How is shipping fuel taxed?
I ask for two reasons. Firstly, because for all the discussion of aviation taxes, the global economy does not yet revolve around air freight and all those ships have to burn oil and the results of that burning have to go somewhere. But secondly, and more importantly, I ask because I support fair trade and that does not make me guilty of liberal thoughtcrime.
One of my funniest formative political experiences was attending a party political Q&A for Fairtrade Fortnight early in the Cameron era. On the platform with a Lib Dem MP, a Labour Councillor and representatives of the Greens and Respect (sic) was a young(ish) Tory who, throughout the whole debate, could not bring himself to even say Fair Trade. It was wonderful to see someone who could expect to be part of the new, young Conservative Party unable to think of trade as being anything other than free.
And yet the same attitude lives and breathes in our own party. Somewhere along the line, Fair Trade became, for the pure liberals at least, a lefty conspiracy to destroy the global economy through rampant protectionism. Support for anything other than free trade would result in the demolition of both our cherished economic credibility and our liberal credentials.
Now I don’t deny that free trade is, as a moral and academic position, a lofty and desirable goal. But life is neither a moral nor an academic exercise, it is something you live, and that requires an additional level of imagination.
The trouble is, the current stretch of my imagination is catastrophic. I have seen no compelling evidence yet that global free trade could result in anything other than the wholesale purchase of the developing world by the developed, entrenching the current situation where wealth generation is a pipedream and the benefits of natural resources and manpower flow inexorably northwards. The necessary simultaneous growth in transportation would meanwhile tip an already burdened planet well over the edge and into environmental meltdown.
[/end socialist-sounding rant]
Ultimately we want trade to be free but that does not mean it has to be loose.
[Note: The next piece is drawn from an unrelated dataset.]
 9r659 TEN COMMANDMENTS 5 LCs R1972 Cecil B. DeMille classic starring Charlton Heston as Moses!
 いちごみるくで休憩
There must be restrictions on the system, and these must be mandatory, governmental controls (if I hear another case for market mechanisms being the way forward I swear I’m going to hurt someone) but they must be global controls, produced on an equitable framework that is designed from the start to evolve to meet changing market conditions.
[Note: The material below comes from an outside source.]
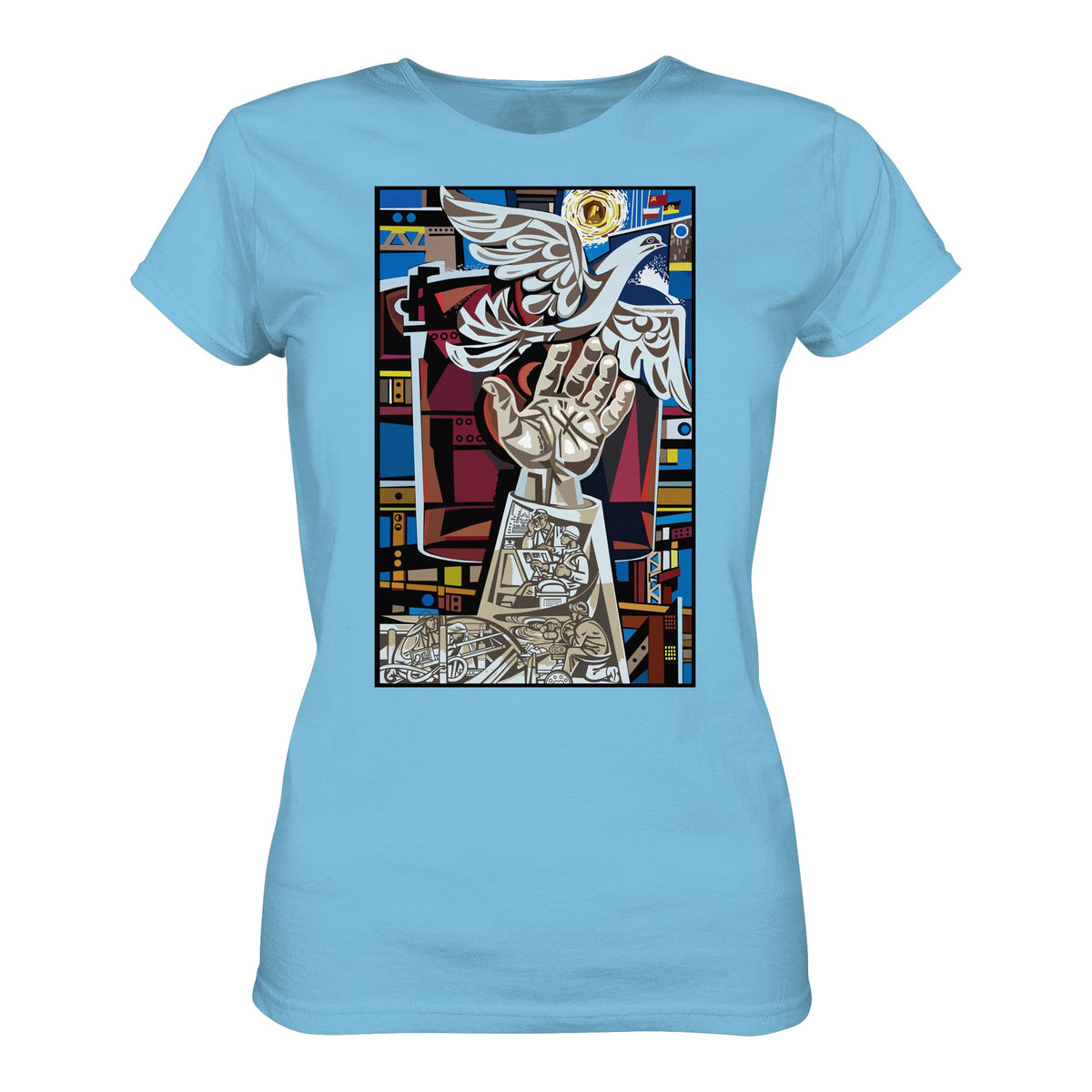 DDR Ostalgie Shirt Mädels • WALTER WOMACKA - MOSAIK MAGISTRALE EISENHÜTTENSTADT (1965)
My vision, then, is for a global trade system where no trade is prohibited, but where governments are permitted to tax all products on the basis of their carbon cost in production and transportation. At the same time, we must ensure global standards for labour rights that include a minimum wage proportionally related to wealth generation, so that everyone benefits fairly from their economic efforts.
But just in case anyone still thinks such a system is illiberal and ignorant of our heritage, allow me to remind you of one thing; we have always, always, always believed that freedom is nothing without the realistic ability to use that freedom. Freedom is nothing, then, without fairness; how is what I am proposing any different?